Objective
For a long time, I have wanted to automate the physical part of my lab. My goal was being able to wipe the devices and then bootstrap them with different configs to match the solution I am researching without manual intervention. Even my surface level thinking on this process made me realize there is one very large circular dependency with this workflow. If your automation tool wipes the network device and reloads it, it is essentially cutting off its arms. One main solution would be giving your automation tools access to the raw console lines of the devices, but I prefer a strictly ethernet solution. This solution reflects a more real-world approach to networking by utilizing the built-in management uplink, additionally freeing up the console port.
The goal for this solution was to be able to return my Cisco Software Defined Access lab rack to a bootstrapped state after each night in the lab. That way, I could make a bunch of changes, break the fabric, even sever the connection to DNA Center and still be able to re-bootstrap the device at the end of the night. That way the next time I lab I can just readopt it into DNA Center. Without doing any manual configuration on the switch.
My lab rack is pretty simple and consists of the following hardware:
- 1x Cisco 3650 (SDA Fusion Node)
- 6x Cisco 3850 (SDA Borders & Control Plane Nodes)
All of these devices have 1 key feature that can be leveraged to make this possible, an out of band management port in its own VRF. In the back of the rack, I have each management port cabled to a desktop switch with a Raspberry Pi connected. The Raspberry Pi is running Ansible and a TFTP server. The wired out of band network is completely self-contained, traffic never leaves the L2 domain between the switches management port and the Pi. To access the Pi, the built in wireless is leveraged.
Now that we’ve laid the foundation, we need a way to wipe the switches but retain management connectivity. A simple “write erase” won’t do the trick here. The initial manual bootstrap process for a device when it’s installed in the rack is generally unavoidable, although experimenting with Plug and Play (PnP) might be an option in the future. The objective is to eliminate the need for manual reconnection to Ansible, even after a device reset following a lab session.

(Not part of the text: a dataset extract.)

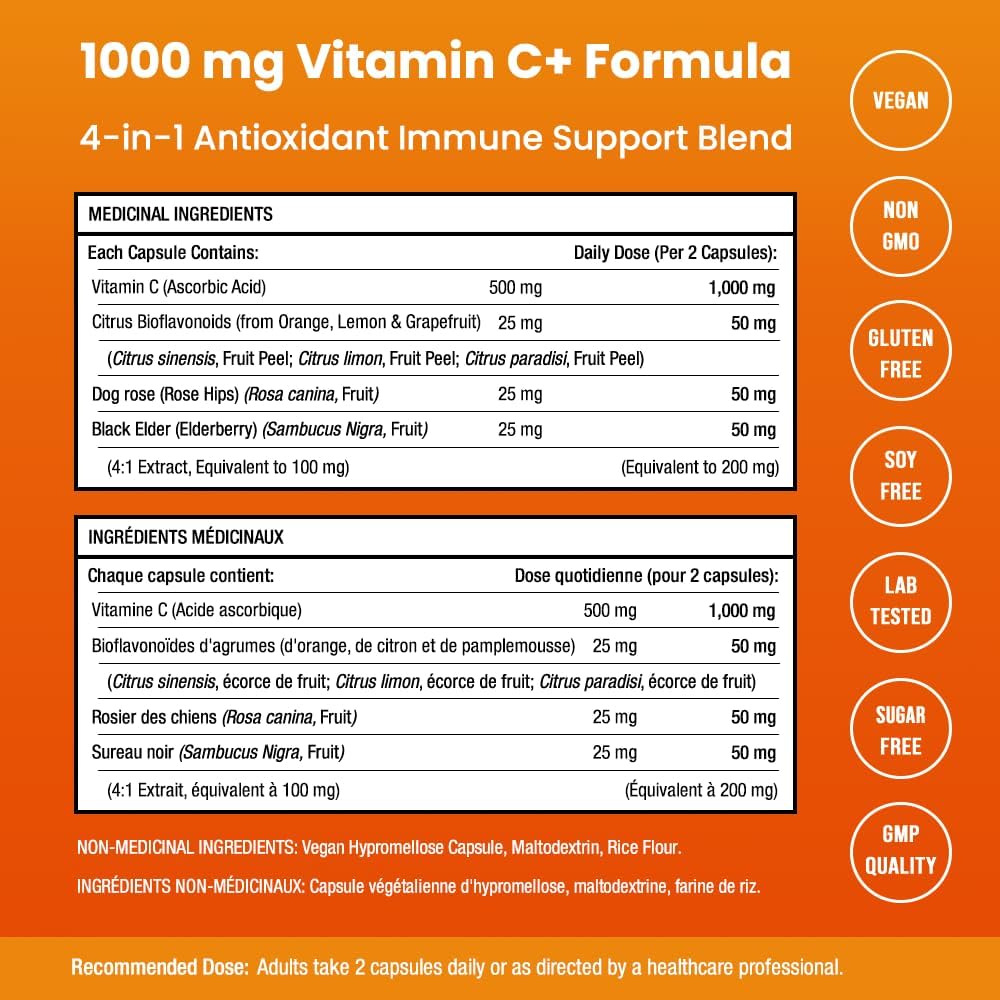 NutraChamps Vitamin C 1000mg with Rose HIPS, Vitamin C Supplement with Elderberry & Citrus Bioflavonoids, Kids Immune Boosting Supplement, 500mg Vitamin C Capsules Pill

The key to maintaining connection to Ansible is that when I “wipe” my devices I am not actually wiping them. I am having Ansible compile a configuration file and place it in the TFTP directory on the Pi. Then Ansible can SSH into the switch and overwrite the startup-config with the configuration it just complied. This fulfills the objective of “wiping” without losing the switch’s connection to Ansible.
Execution
TFTP is required to use the playbook below, a stock install of tftpd-hpa will suffice.
Below is an example of a “wipe.yaml” playbook that I execute on my rack after completing lab work:
---
- name: SDA Rack Wipe + Retain Managment
hosts: fabric_devices
gather_facts: no
connection: network_cli
tasks:
- name: 1.0 | Compile Startup Config File
copy:
dest: "/srv/tftp/{{hostname}}"
content: |
!
username ansible privilege 15 password 0 cisco
!
enable password cisco
!
ip tftp source-interface g0/0
!
ip domain-name ansible-configured.local
!
hostname {{hostname}}
!
ip ssh version 2
!
interface GigabitEthernet0/0
description ANSIBLE MANAGMENT INTERFACE - DO NOT MODIFY
ip address {{inventory_hostname}} 255.255.255.0
!
line vty 0 4
privilege level 15
login local
transport input all
- name: 2.0 | Set File Prompt
cisco.ios.ios_config:
lines:
- file prompt quiet
- name: 3.0 | Replace Current Configuration
ios_command:
commands:
- command: copy tftp://10.254.254.100/{{hostname}} nvram:/startup-config
- name: 4.0 | Reload into new configuration
ios_command:
commands:
- command: reload in 1
Sample Inventory File:
[fabric_devices]
10.254.254.11 hostname=CCIE-BLDG1-SW1
[fabric_devices:vars]
ansible_network_os=ios
ansible_user='ansible'
ansible_ssh_pass='cisco'
In this demo the 10.254.254.0/24 network is the out of band network, with .100 being the Ansible host.
The playbook runs on a group of hosts named “fabric_devices”, compiling a startup config file based on host variables in the inventory file and placing it in the TFTP root. Next, the playbook sets the file prompt to not confirm to ensure it can copy without interruption. In a single step, the new file can be copied via TFTP directly to the NVRAM config. Finally, the playbook reloads the switch to apply the new configuration.
Conclusion
After the switches reload, they remain accessible by Ansible along with no other configuration present. Thus, allowing me to run my DNA Center bootstrap playbook against the switches to provision the required commands for DNA Center Discovery. This method has reduced the time it takes to deploy Software Defined Access by approximately 75%. Allowing me to start fresh with a new fabric.
In the future I plan to add steps to my “wipe.yaml” to remove the devices from DNA Center’s inventory, and then subsequently add them back in the DNA Center bootstrap playbook. While I have used this approach for SDA, it can be applied to almost any IOS-XE-based lab rack for a variety of other solutions.